▸ **AIM OF THE TASK**
Exactly as written, reproduce all of the entries.

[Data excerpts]

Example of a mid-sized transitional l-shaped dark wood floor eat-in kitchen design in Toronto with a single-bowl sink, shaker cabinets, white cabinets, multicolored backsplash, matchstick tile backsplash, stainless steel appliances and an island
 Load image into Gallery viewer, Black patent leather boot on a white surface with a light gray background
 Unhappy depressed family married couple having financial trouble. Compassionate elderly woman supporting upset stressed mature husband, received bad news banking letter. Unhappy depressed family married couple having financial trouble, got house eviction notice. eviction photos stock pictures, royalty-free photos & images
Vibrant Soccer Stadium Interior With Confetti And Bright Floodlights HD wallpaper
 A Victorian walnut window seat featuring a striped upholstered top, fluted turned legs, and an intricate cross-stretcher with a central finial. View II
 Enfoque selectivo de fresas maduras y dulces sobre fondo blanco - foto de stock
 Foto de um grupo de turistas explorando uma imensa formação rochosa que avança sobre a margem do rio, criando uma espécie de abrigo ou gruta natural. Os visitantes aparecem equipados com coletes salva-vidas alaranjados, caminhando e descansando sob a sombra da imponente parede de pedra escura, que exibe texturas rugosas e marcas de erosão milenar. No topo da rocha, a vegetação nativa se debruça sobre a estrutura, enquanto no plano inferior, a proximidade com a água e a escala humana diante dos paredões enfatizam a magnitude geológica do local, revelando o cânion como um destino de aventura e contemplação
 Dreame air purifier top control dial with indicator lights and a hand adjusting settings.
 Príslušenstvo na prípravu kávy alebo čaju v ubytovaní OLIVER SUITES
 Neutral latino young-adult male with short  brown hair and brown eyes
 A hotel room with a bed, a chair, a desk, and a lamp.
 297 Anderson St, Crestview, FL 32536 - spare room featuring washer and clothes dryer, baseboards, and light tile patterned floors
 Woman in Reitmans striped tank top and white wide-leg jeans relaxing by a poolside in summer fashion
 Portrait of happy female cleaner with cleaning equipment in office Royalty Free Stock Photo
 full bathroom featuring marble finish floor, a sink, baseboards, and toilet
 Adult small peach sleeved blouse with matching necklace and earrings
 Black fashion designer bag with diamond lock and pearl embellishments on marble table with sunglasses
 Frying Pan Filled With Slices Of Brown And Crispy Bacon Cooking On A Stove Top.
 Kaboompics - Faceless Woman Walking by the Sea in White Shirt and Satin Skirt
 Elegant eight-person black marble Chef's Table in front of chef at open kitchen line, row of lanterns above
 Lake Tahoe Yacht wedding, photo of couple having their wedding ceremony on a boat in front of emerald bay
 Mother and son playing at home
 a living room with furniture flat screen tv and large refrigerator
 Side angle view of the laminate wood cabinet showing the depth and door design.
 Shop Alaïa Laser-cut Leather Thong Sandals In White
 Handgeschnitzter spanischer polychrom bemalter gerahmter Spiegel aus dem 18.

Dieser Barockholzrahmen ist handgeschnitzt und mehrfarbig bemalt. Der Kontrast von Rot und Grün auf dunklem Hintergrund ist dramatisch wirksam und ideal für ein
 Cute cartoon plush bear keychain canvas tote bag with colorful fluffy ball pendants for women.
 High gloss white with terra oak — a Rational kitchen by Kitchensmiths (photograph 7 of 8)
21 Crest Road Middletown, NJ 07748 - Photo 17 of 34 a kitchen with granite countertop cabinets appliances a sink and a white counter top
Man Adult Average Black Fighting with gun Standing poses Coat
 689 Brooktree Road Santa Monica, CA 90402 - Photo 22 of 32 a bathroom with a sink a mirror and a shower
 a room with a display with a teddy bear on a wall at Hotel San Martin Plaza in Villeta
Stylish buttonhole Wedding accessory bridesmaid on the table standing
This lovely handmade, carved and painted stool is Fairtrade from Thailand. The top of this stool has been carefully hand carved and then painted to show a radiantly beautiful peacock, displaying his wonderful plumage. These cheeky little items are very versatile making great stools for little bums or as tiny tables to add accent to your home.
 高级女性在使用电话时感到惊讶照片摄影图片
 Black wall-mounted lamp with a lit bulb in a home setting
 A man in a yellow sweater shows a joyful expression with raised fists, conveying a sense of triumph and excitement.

▸ **WRITTEN ANSWER**
Example of a mid-sized transitional l-shaped dark wood floor eat-in kitchen design in Toronto with a single-bowl sink, shaker cabinets, white cabinets, multicolored backsplash, matchstick tile backsplash, stainless steel appliances and an island
 Load image into Gallery viewer, Black patent leather boot on a white surface with a light gray background
 Unhappy depressed family married couple having financial trouble. Compassionate elderly woman supporting upset stressed mature husband, received bad news banking letter. Unhappy depressed family married couple having financial trouble, got house eviction notice. eviction photos stock pictures, royalty-free photos & images
Vibrant Soccer Stadium Interior With Confetti And Bright Floodlights HD wallpaper
 A Victorian walnut window seat featuring a striped upholstered top, fluted turned legs, and an intricate cross-stretcher with a central finial. View II
 Enfoque selectivo de fresas maduras y dulces sobre fondo blanco - foto de stock
 Foto de um grupo de turistas explorando uma imensa formação rochosa que avança sobre a margem do rio, criando uma espécie de abrigo ou gruta natural. Os visitantes aparecem equipados com coletes salva-vidas alaranjados, caminhando e descansando sob a sombra da imponente parede de pedra escura, que exibe texturas rugosas e marcas de erosão milenar. No topo da rocha, a vegetação nativa se debruça sobre a estrutura, enquanto no plano inferior, a proximidade com a água e a escala humana diante dos paredões enfatizam a magnitude geológica do local, revelando o cânion como um destino de aventura e contemplação
 Dreame air purifier top control dial with indicator lights and a hand adjusting settings.
 Príslušenstvo na prípravu kávy alebo čaju v ubytovaní OLIVER SUITES
 Neutral latino young-adult male with short  brown hair and brown eyes
 A hotel room with a bed, a chair, a desk, and a lamp.
 297 Anderson St, Crestview, FL 32536 - spare room featuring washer and clothes dryer, baseboards, and light tile patterned floors
 Woman in Reitmans striped tank top and white wide-leg jeans relaxing by a poolside in summer fashion
 Portrait of happy female cleaner with cleaning equipment in office Royalty Free Stock Photo
 full bathroom featuring marble finish floor, a sink, baseboards, and toilet
 Adult small peach sleeved blouse with matching necklace and earrings
 Black fashion designer bag with diamond lock and pearl embellishments on marble table with sunglasses
 Frying Pan Filled With Slices Of Brown And Crispy Bacon Cooking On A Stove Top.
 Kaboompics - Faceless Woman Walking by the Sea in White Shirt and Satin Skirt
 Elegant eight-person black marble Chef's Table in front of chef at open kitchen line, row of lanterns above
 Lake Tahoe Yacht wedding, photo of couple having their wedding ceremony on a boat in front of emerald bay
 Mother and son playing at home
 a living room with furniture flat screen tv and large refrigerator
 Side angle view of the laminate wood cabinet showing the depth and door design.
 Shop Alaïa Laser-cut Leather Thong Sandals In White
 Handgeschnitzter spanischer polychrom bemalter gerahmter Spiegel aus dem 18.

Dieser Barockholzrahmen ist handgeschnitzt und mehrfarbig bemalt. Der Kontrast von Rot und Grün auf dunklem Hintergrund ist dramatisch wirksam und ideal für ein
 Cute cartoon plush bear keychain canvas tote bag with colorful fluffy ball pendants for women.
 High gloss white with terra oak — a Rational kitchen by Kitchensmiths (photograph 7 of 8)
21 Crest Road Middletown, NJ 07748 - Photo 17 of 34 a kitchen with granite countertop cabinets appliances a sink and a white counter top
Man Adult Average Black Fighting with gun Standing poses Coat
 689 Brooktree Road Santa Monica, CA 90402 - Photo 22 of 32 a bathroom with a sink a mirror and a shower
 a room with a display with a teddy bear on a wall at Hotel San Martin Plaza in Villeta
Stylish buttonhole Wedding accessory bridesmaid on the table standing
This lovely handmade, carved and painted stool is Fairtrade from Thailand. The top of this stool has been carefully hand carved and then painted to show a radiantly beautiful peacock, displaying his wonderful plumage. These cheeky little items are very versatile making great stools for little bums or as tiny tables to add accent to your home.
 高级女性在使用电话时感到惊讶照片摄影图片
 Black wall-mounted lamp with a lit bulb in a home setting
 A man in a yellow sweater shows a joyful expression with raised fists, conveying a sense of triumph and excitement.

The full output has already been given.